アナログレコードの魅力


平成生まれがハマる、アナログレコードの魅力

 昭和の時代では当たり前だったアナログレコード。
いつしか音楽を聴くための媒体はCDやMP3などのデジタル音源が主流となり、小型大容量の再生デバイスに好きなだけ音源を持ち歩ける便利な時代となりました。さらには、高性能DACによるハイレゾ再生というものが話題になり、手軽に高音質再生ができる環境がオーディオマニアのみならず、一般ユーザーにも普及しつつあります。

 デジタルオーディオでは数万曲の楽曲データをデバイス上で管理し、プレイリストを作成する等、聴きたい曲を即座に呼び出して再生できるという便利さを持っています。音質も利便性も抜群に良いわで、これはもう至れり尽くせり。これはこれでなにひとつ不満はありません。

 しかし、過去のものであるアナログレコードは現代のデジタルオーディオに負けておらず、未だに愛好家は多いです。理由は個々にあるとは思いますが、ジャケットのデザインやコレクターズアイテムとしての所有感、可聴域外の周波数帯域を含んだ広帯域再生能力、こだわりの再生機器、周辺機器といったもの存在です。

アナログレコードに目覚めたきっかけ

 私は昭和歌謡というものが大好きです。
歌謡曲というジャンルの音楽を聴いていると、歌詞や曲調はもちろん、バックで演奏するビックバンドやオーケストラが奏でる情報量の多い濃厚なサウンドが堪らなく、伴奏だけで充分に満腹といった程です。特に1960〜70年代後半あたりのムード歌謡や歌謡ポップスが私のお気に入りです。
 70年代にオーディオ・ラジカセ黄金期が到来し、豪華なオーディオ機器、素晴らしい名機がたくさん生まれた理由はこの時代の音楽界、歌謡界が素晴らしかったからだと個人的に思っています。

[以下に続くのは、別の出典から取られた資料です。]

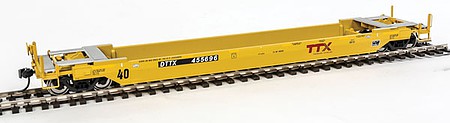 Walthers Proto 109125 HO Scale Gunderson Rebuilt All-Purpose 40' Well Car - Ready-to-Run -- TX DTTX #455696 (Forward Thinking Logo)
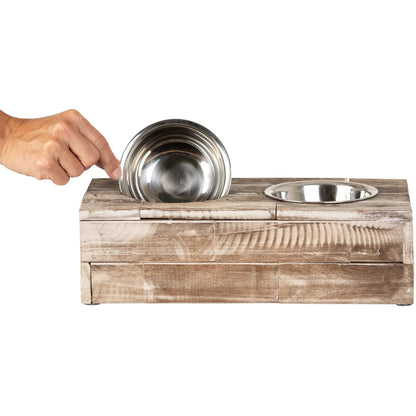 Huntley Pet Elevated Double Bowl Feeder – Raised Wood Dog &amp; Cat Feeding Station
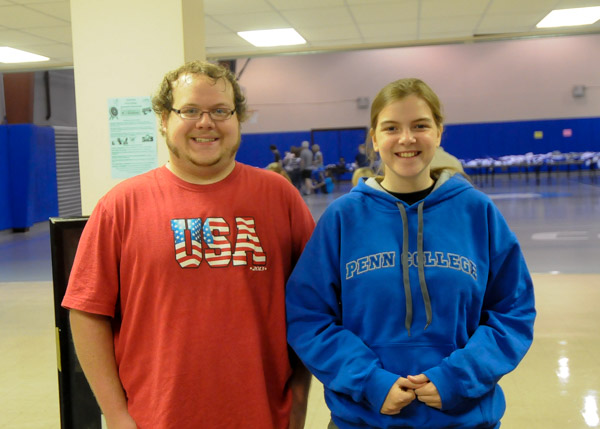 Nathan J. Wolfe, an electromechanical maintenance technology student from Glen Lyon, is joined by his sister.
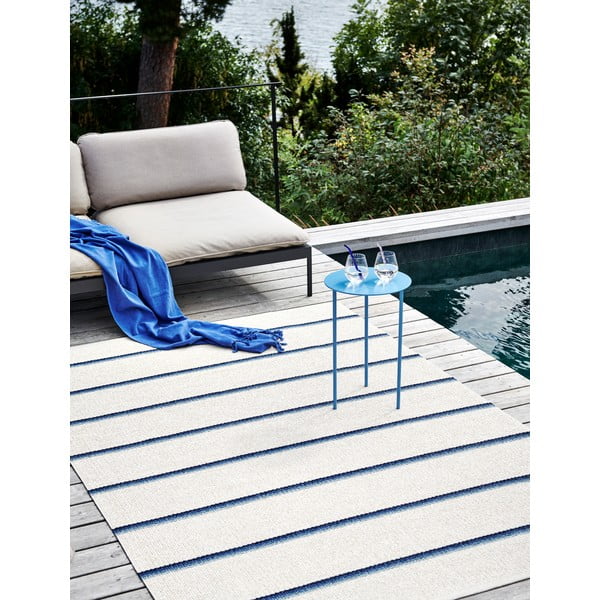 Covor pentru exterior și interior albastru/crem 70x90 cm Olle Blue Vanilla – Pappelina-image-4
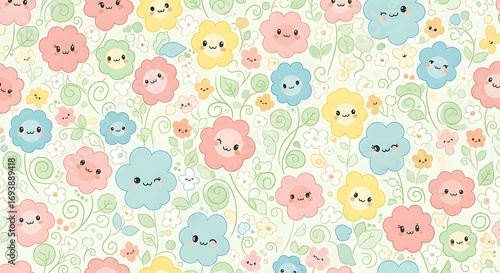 Adorable kawaii floral pattern with happy cartoon flowers and leaves, perfect for children's designs and cheerful decor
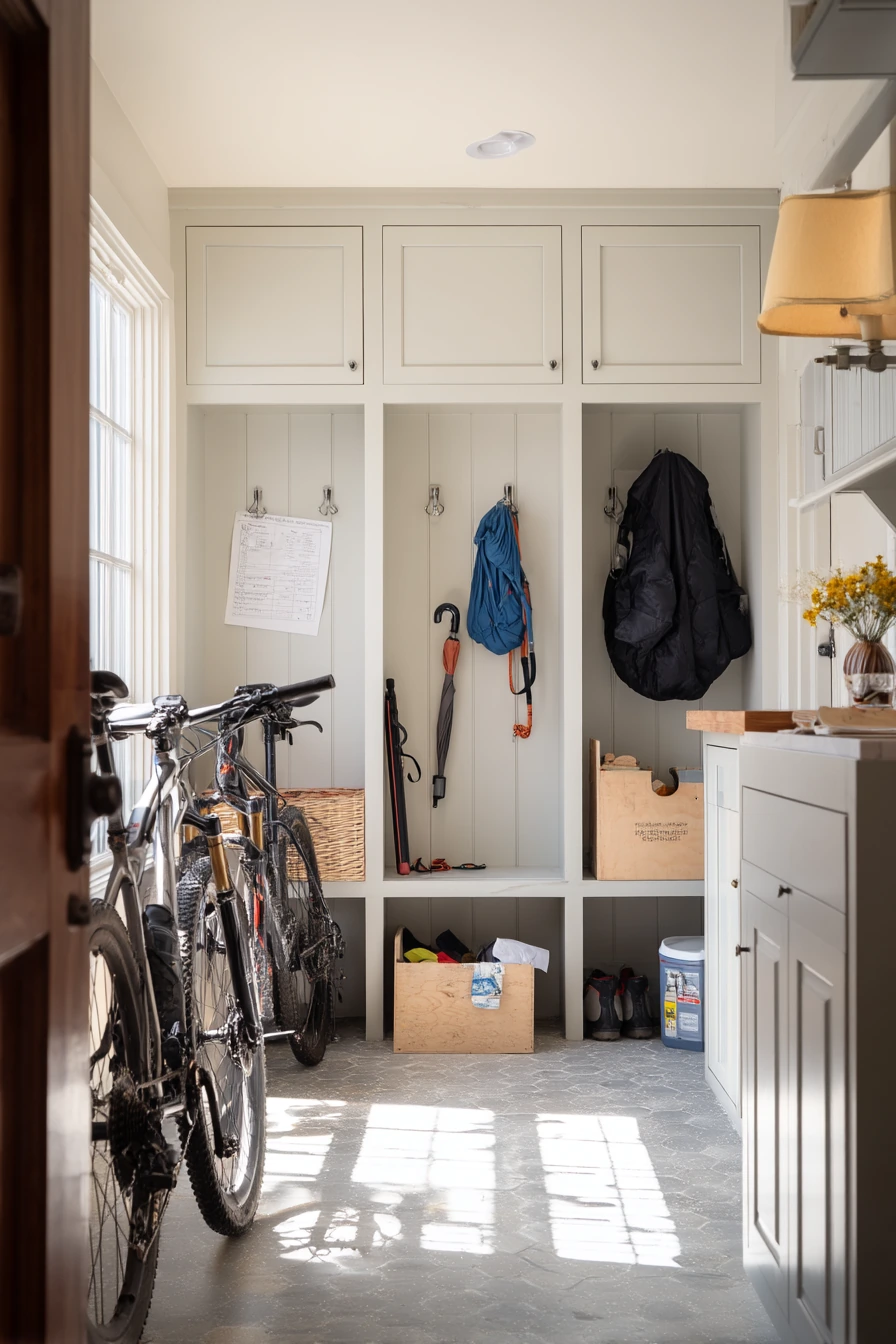 Minimal Mudroom Garage Bike Storage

 話を戻すと、私は普段のリスニングとなるとCDからリッピングした音楽データを再生していたのですが、オーディオマニアであるが故?唐突に当時の人達が聴いていた"本物の音源"を聴いてみたい気持ちが芽生えたのでした。私がアナログレコードの再生環境を揃えることになったきっかけはこのような感じです。

アナログな音質に感動

 そんなこんなで、とりあえずハードオフで投売りされていたジャンクなレコードプレーヤーとEPシングル数枚を購入したのでした。そして、買ってきたレコードを再生しようとレコードプレーヤーをアンプに繋ぎ、ターンテーブルにレコードを乗せて電源を投入し、レコードに針を落としてみました。

 ・・・あまりの音質の良さに感激。

 正直、アナログレコードというと、CDの音質には到底及ばない昭和の枯れた技術のモノだと思い、蓄音機のような解像感に欠ける篭った音しか出ないものだと思い込んでいたのです。まるで初めて真空管アンプの音を聴いたときのような衝撃です。

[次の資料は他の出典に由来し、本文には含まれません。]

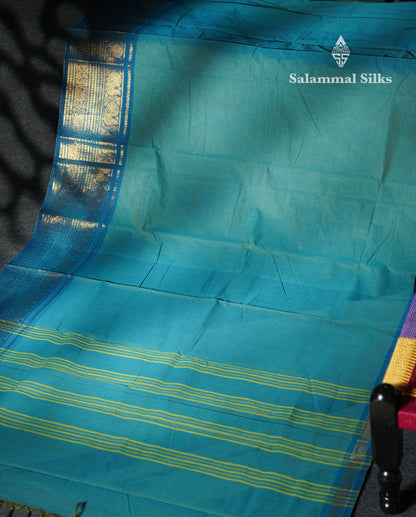 Beautiful Blue Shade Plain Pure Chettinad Cotton Saree With Contrast Peacock Blue Traditional Evening Morning Border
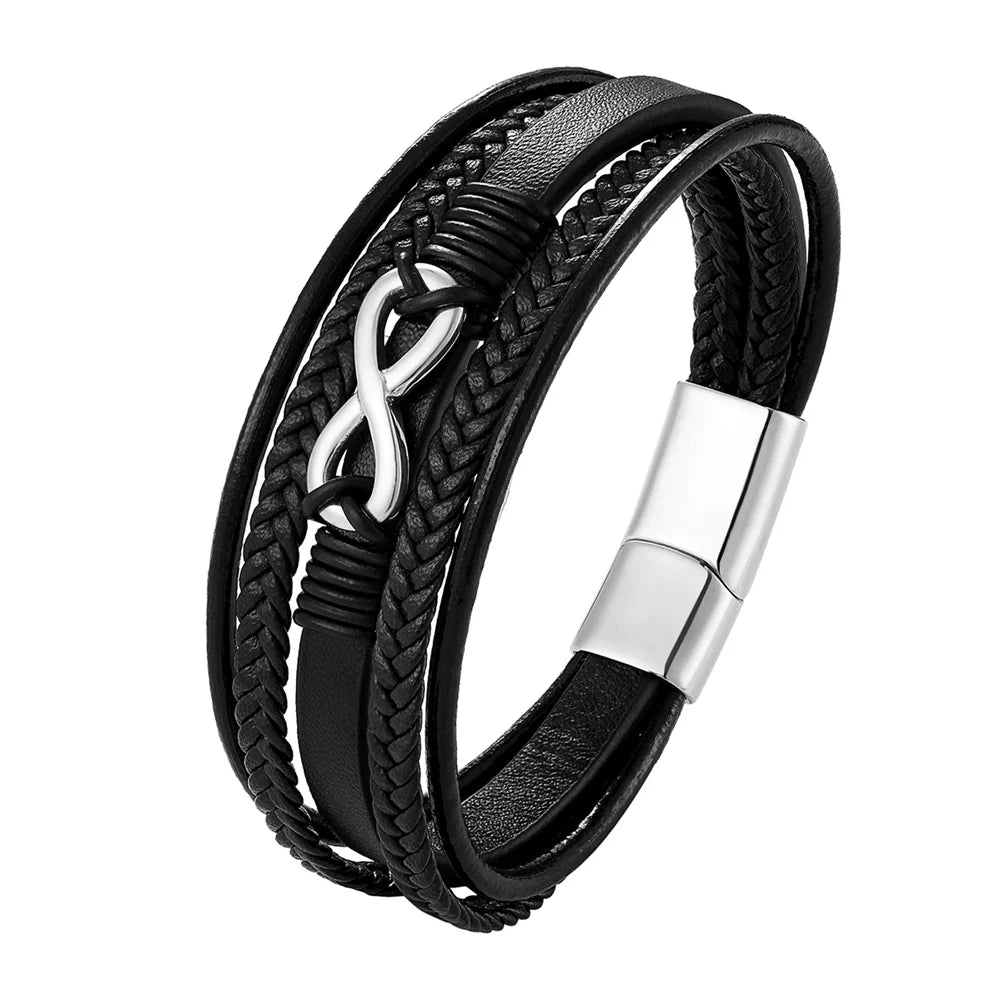 A range of exquisite luxury accessories with this high-quality men's fashion gift. Crafted from genuine black leather, these bracelets offer a unique combination of style and versatility. Perfect for those who appreciate a touch of wild handsomeness, these DIY bracelets make for a truly remarkable gift.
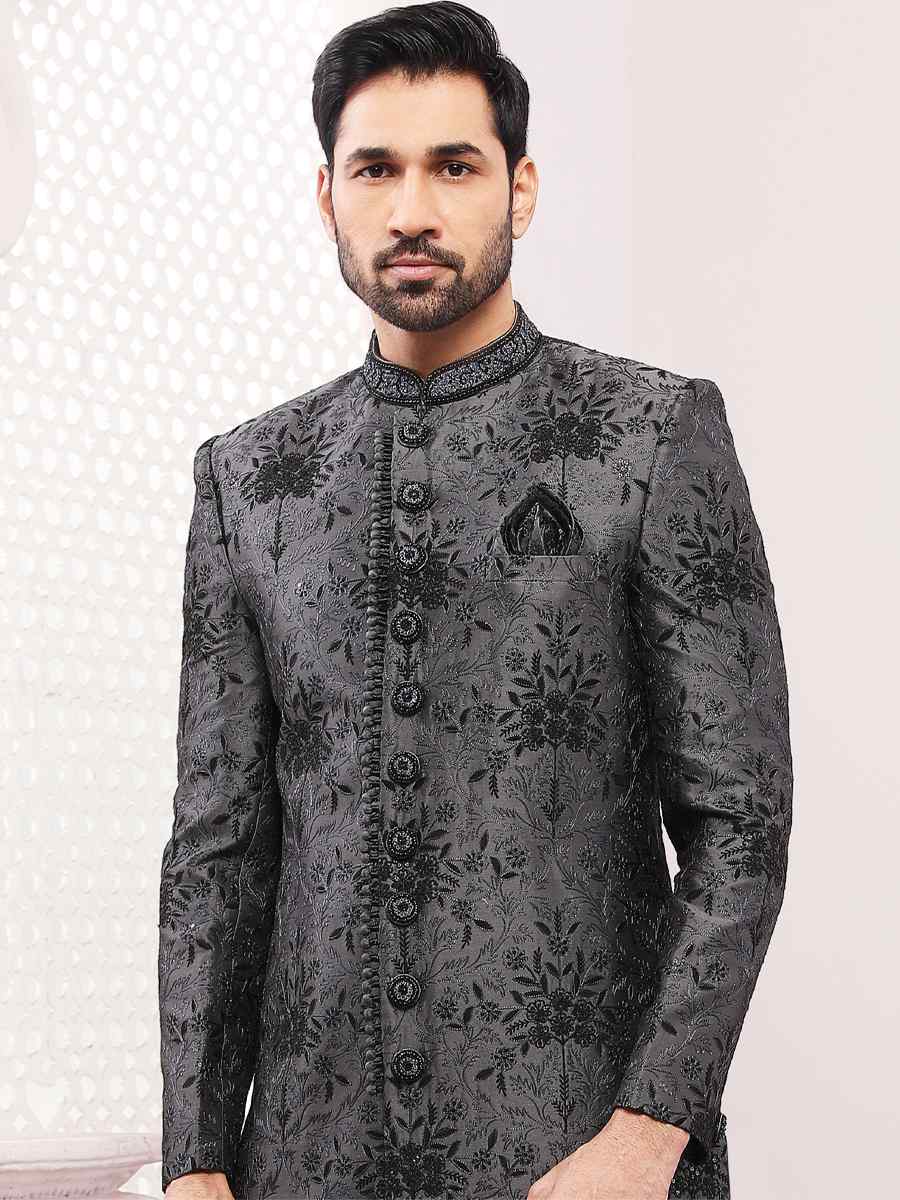 Black Art Banarasi Silk Embroidered Wedding Groom Sherwani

それからアナログレコードの虜になってしまったのでした。

 日頃、便利なデジタルデータばかりを扱っていると、レコード盤やレコード針にメンテナンスが必要なアナログレコードは不便に感じますが、レコードの音溝に刻まれた音声信号を針がトレースして機械的な振動を電気信号に変換するという機構を経て再生される音というものは趣が深く、面白く感じます。 
 また、ターンテーブルやレコード針、フォノイコライザーは当時のものに留まらず、現行品として様々な機種が販売されており、これらを使用することで様々な音質で再生することができ、オーディオを楽しむ幅が広がります。再生機器はハードオフ等で安価に手に入るので、この便利なデジタル時代のなか今一度、アナログの世界に浸ってみるのも良いかもしれません。